Optional base (always-included) formulas for \(\sigma\), \(\nu\), \(\tau\).

B

Number of bootstrap subsamples for stability selection.

sample_fraction

Fraction of rows per subsample (e.g., 0.7).

pi_thr

Selection proportion threshold to define “stable” terms (e.g., 0.6).

k

Penalty weight for stepwise GAIC when engine = "stepGAIC" (default 2).

direction

Stepwise direction for stepGAIC ("both", "forward", "backward").

pre_standardize

Logical; standardize numeric predictors before penalized fits.

use_groups

Logical; treat SelectBoost correlation groups during resampling.

c0

SelectBoost meta-parameter controlling reweighting/thresholding (see vignette).

engine

Engine for \(\mu\) ("stepGAIC", "glmnet", "grpreg", "sgl").

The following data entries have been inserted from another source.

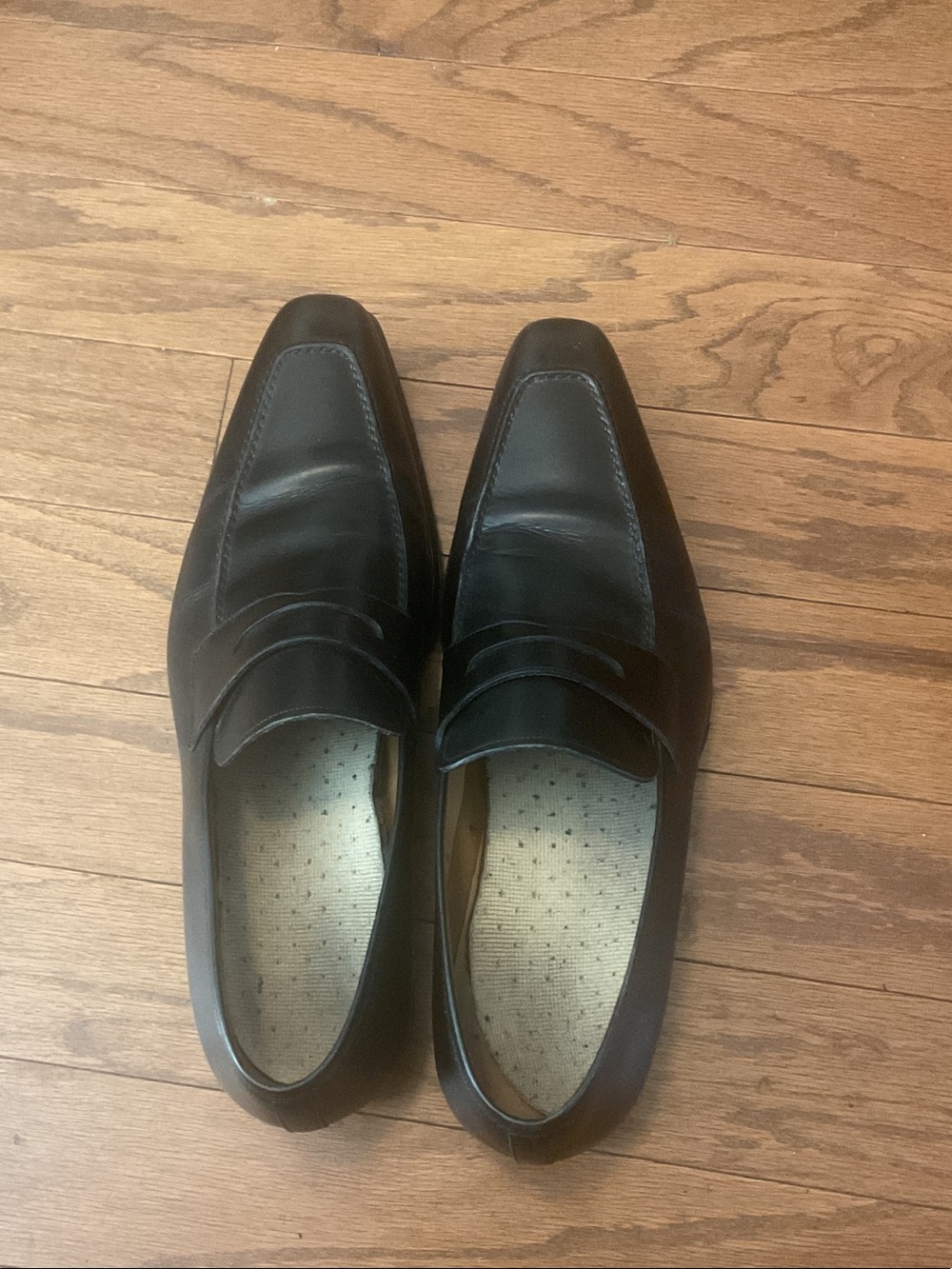 Magnanni Black Leather Penny Loafers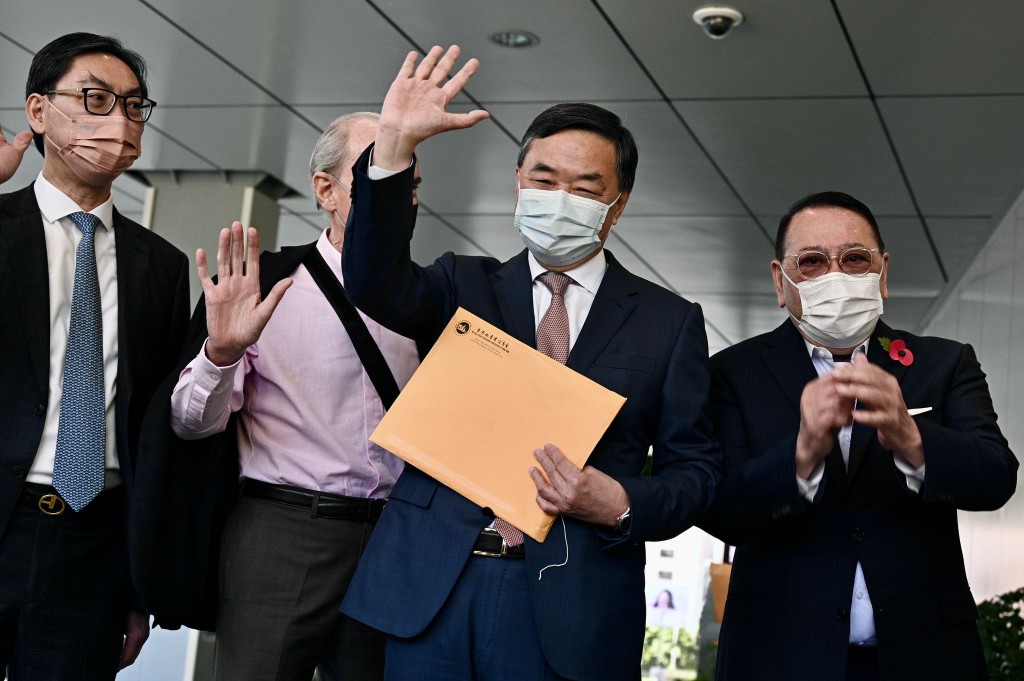 地產建設商會秘書長龍漢標(中)出戰立法會地產及建造界，獲經民聯石禮謙(右)到場支持。
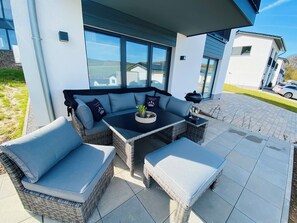 Terrace/patio - Ferienhaus Sonnenweg 40 Diemelsee mit Sauna und Garten (Diemelsee)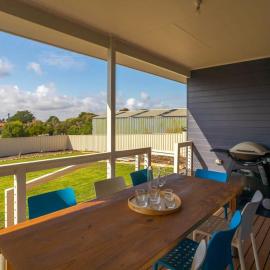 Bryant Blue 10 Bryant Crescent, Goolwa Beach Light-Filled Family Beach House Walk to Goolwa Beach Sleeps 10 Pets Negotiable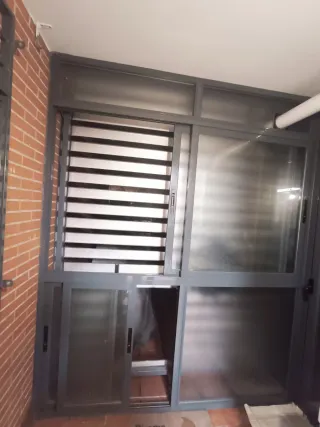 Puerta y cerramiento de aluminio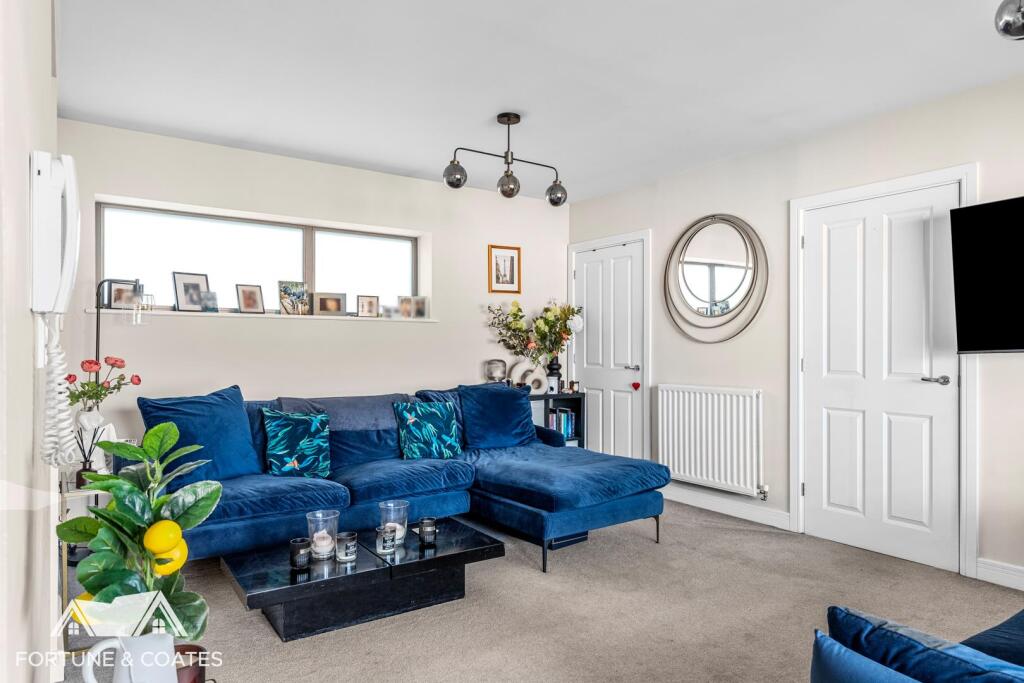 Beaker Mews, Newhall, Harlow photo 3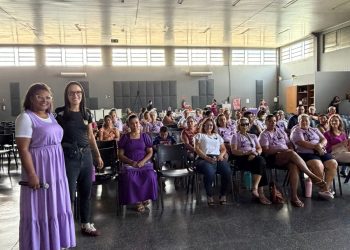 Delegacia da Mulher promove palestra preventiva para associação de pacientes com fibromialgia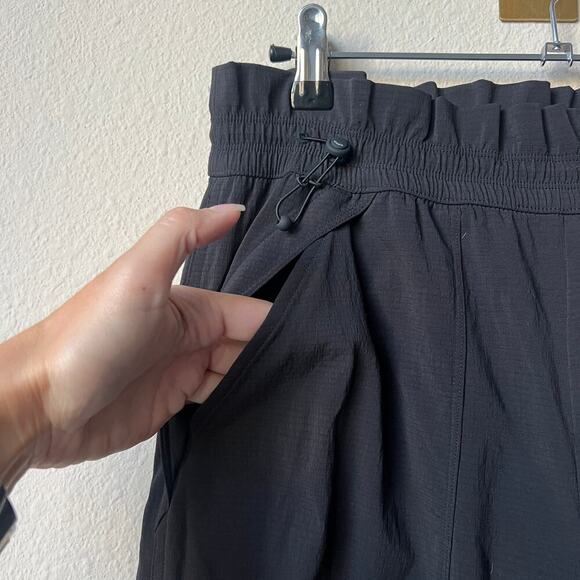 Athleta Trekkie Black High Rise Parachute Pant Size 6 - Picture 4 of 9
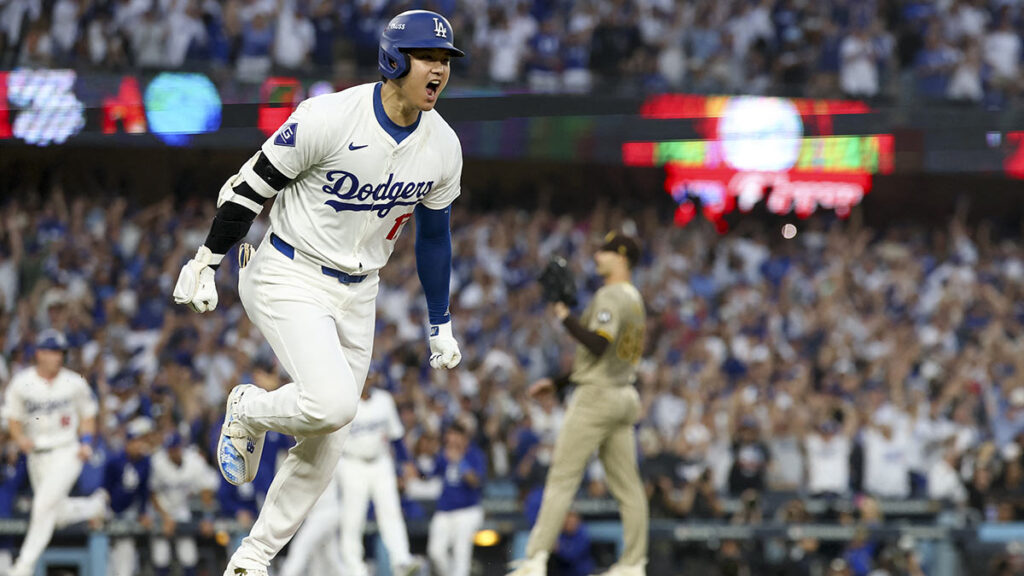 Dodgers celebrando el home run de Shohei Ohtani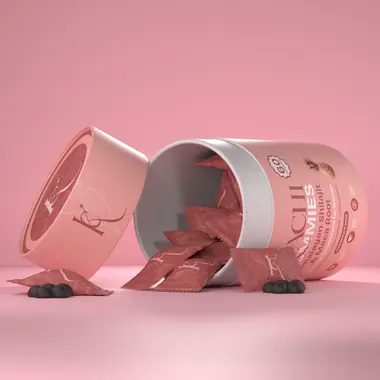 Tube Kyachi couché sur le côté, sachets se répandant, rendu 3D
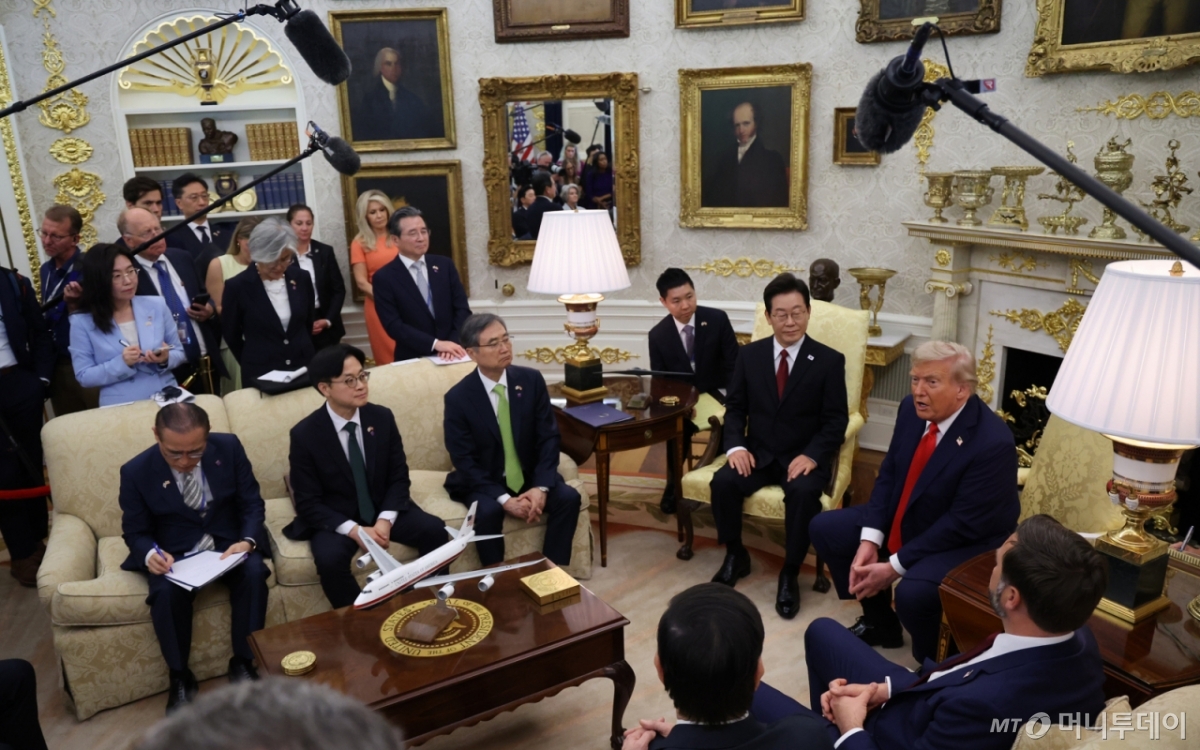이재명 대통령과 도널드 트럼프 미국 대통령이 25일(현지시간) 미국 워싱턴DC 백악관에서 한미 정상회담을 하고 있다. /워싱턴=뉴시스
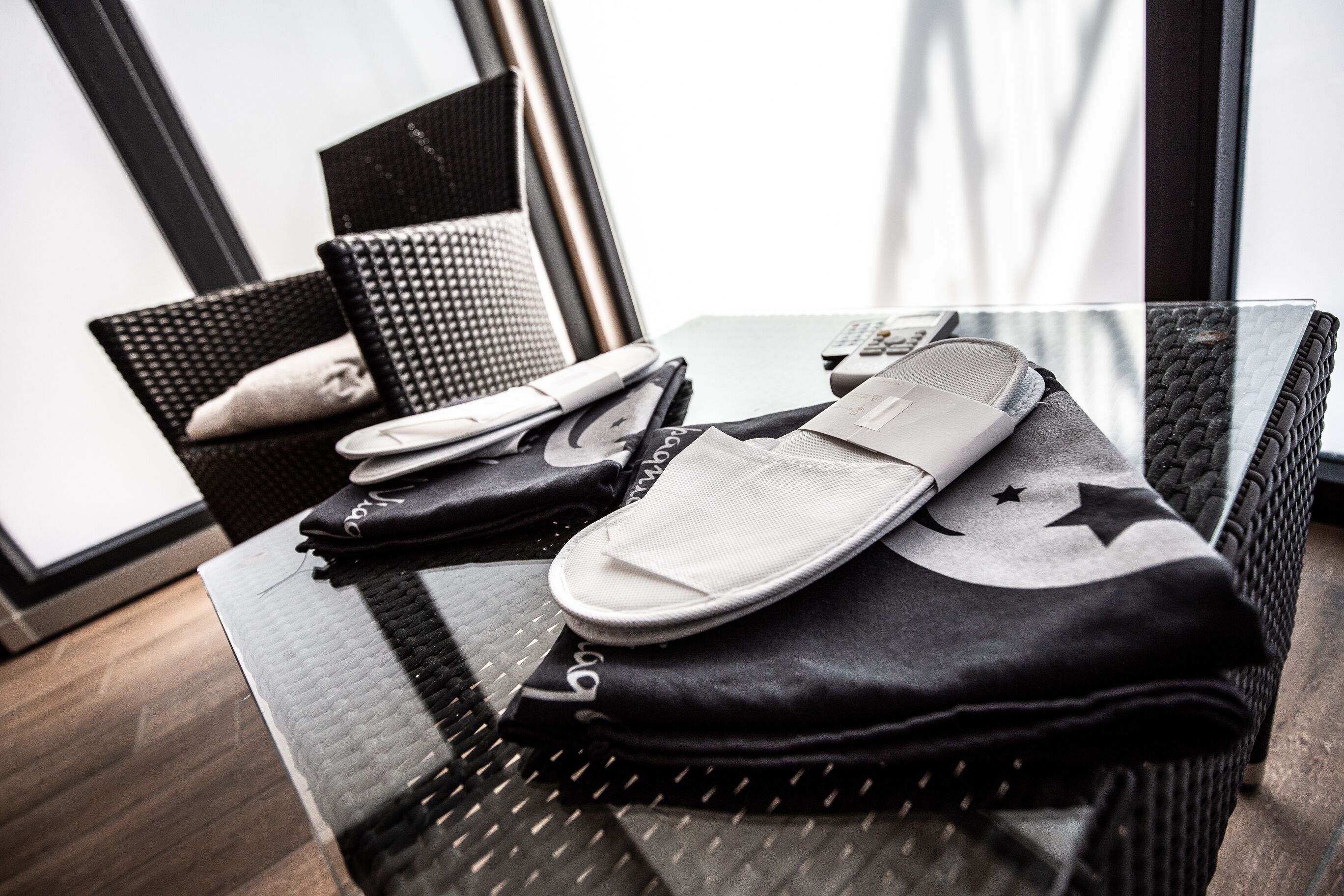 romantic suite, hot tub (with sauna) | 1 bedroom, in-room safe, desk, soundproofing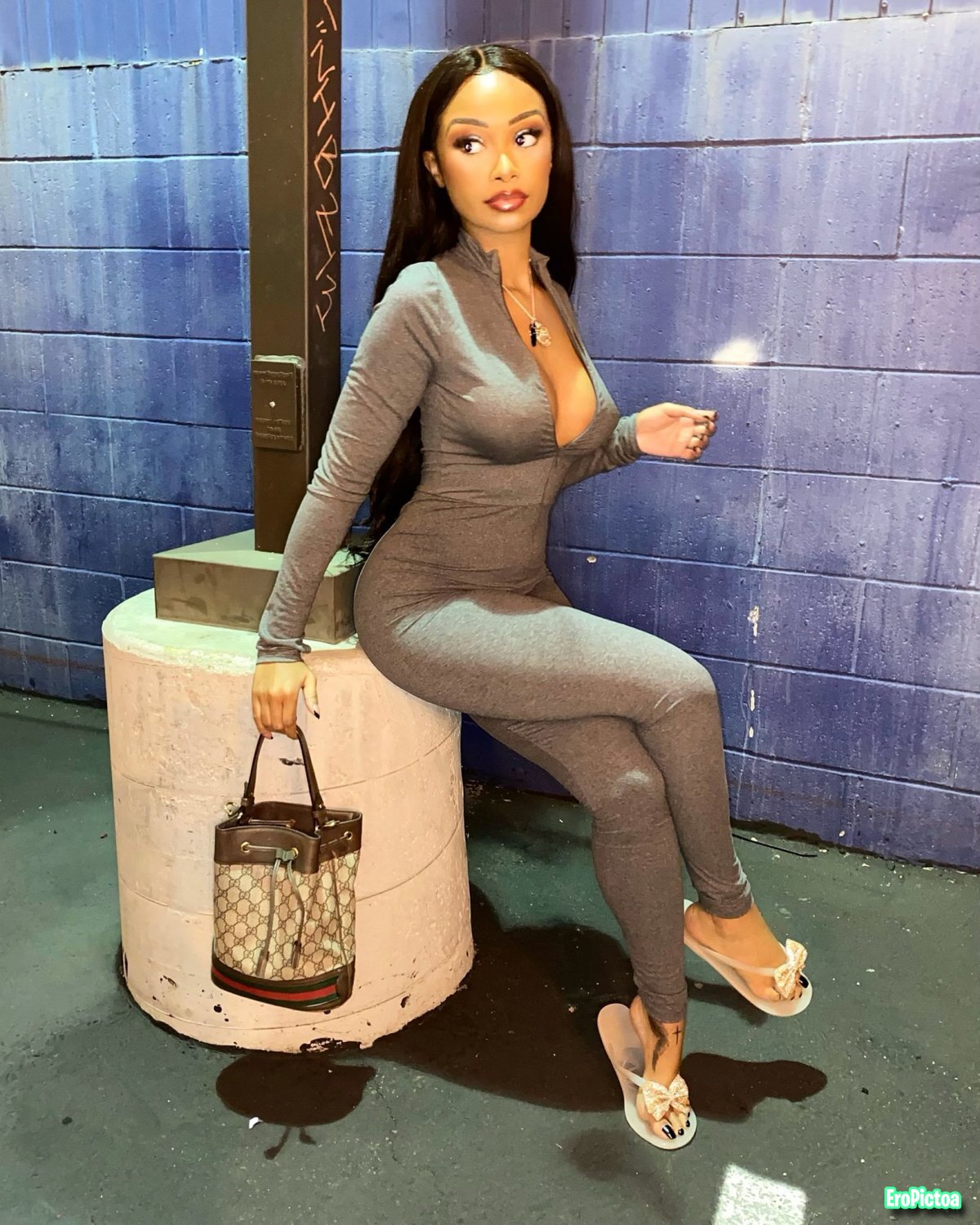 Desiree Mitchell Foot JOI photo featuring Ebony feet - Part 54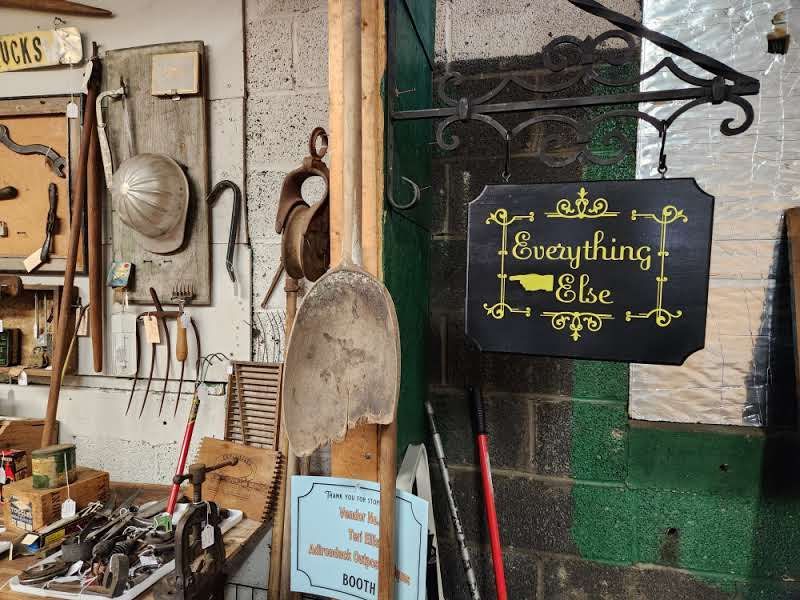 Antique Signs and Décor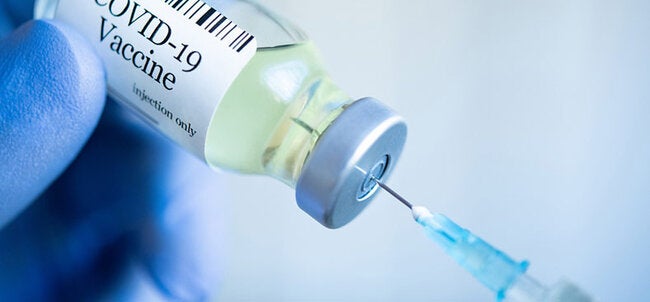 La palabra de 2021 es “vacuna” y el palabro es “vacunódromo” La Fundación del Español Urgente (RAE) dio a conocer que la palabra de 2021 es “vacuna”, la cual representa uno de los conceptos que más ha sonado en los medios de comunicación desde finales de 2020 debido a la pandemia.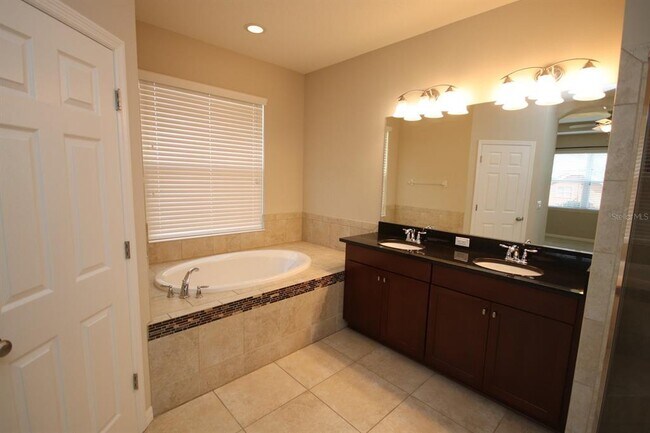 Building Photo - 8827 Sentiero Dr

engine_sigma, engine_nu, engine_tau

Optional engines for \(\sigma\), \(\nu\), \(\tau\).

grpreg_penalty

Group penalty for grpreg ("grLasso", "grMCP", "grSCAD").

sgl_alpha

Alpha for sparse group lasso.

df_smooth

Degrees of freedom for proxy spline bases (pb()/cs()splines::bs(df=df_smooth)) used only for grouped selection design.

progress

Logical; show a progress bar in sequential runs.

glmnet_alpha

Elastic-net mixing for glmnet (1 = lasso, 0 = ridge).

glmnet_family

Family passed to glmnet-based selectors ("gaussian", "binomial", "poisson").

parallel

Parallel mode ("none", "auto", "multisession", `"multicore").

workers

Integer; number of workers if parallel.

trace

Logical; print progress messages.

corr_func

Correlation function passed to SelectBoost::boost.compcorrs.

group_fun

Grouping function passed to SelectBoost::boost.findgroups.

...

Passed to underlying engines (e.g., to gamlss::gamlss, glmnet, etc.).

Value

An object of class "sb_gamlss" with elements:

  • final_fit: the final gamlss object.

  • final_formula: list of formulas for mu/sigma/nu/tau.

  • selection: data.frame of selection counts and proportions.

  • B, sample_fraction, pi_thr, k.

  • scaler: list with center, scale, vars, response.

Examples

set.seed(1)
dat <- data.frame(
  y = gamlss.dist::rNO(60, mu = 0),
  x1 = rnorm(60),
  x2 = rnorm(60),
  x3 = rnorm(60)
)
fit <- sb_gamlss(
  y ~ 1,
  data = dat,
  family = gamlss.dist::NO(),
  mu_scope = ~ x1 + x2 + gamlss::pb(x3),
  B = 8,
  pi_thr = 0.6,
  trace = FALSE
)
fit$final_formula
#> $mu
#> y ~ 1
#> <environment: 0x1281ba0b0>
#> 
#> $sigma
#> ~1
#> <environment: 0x1283126d8>
#> 
#> $nu
#> ~1
#> <environment: 0x1283126d8>
#> 
#> $tau
#> ~1
#> <environment: 0x1283126d8>
#>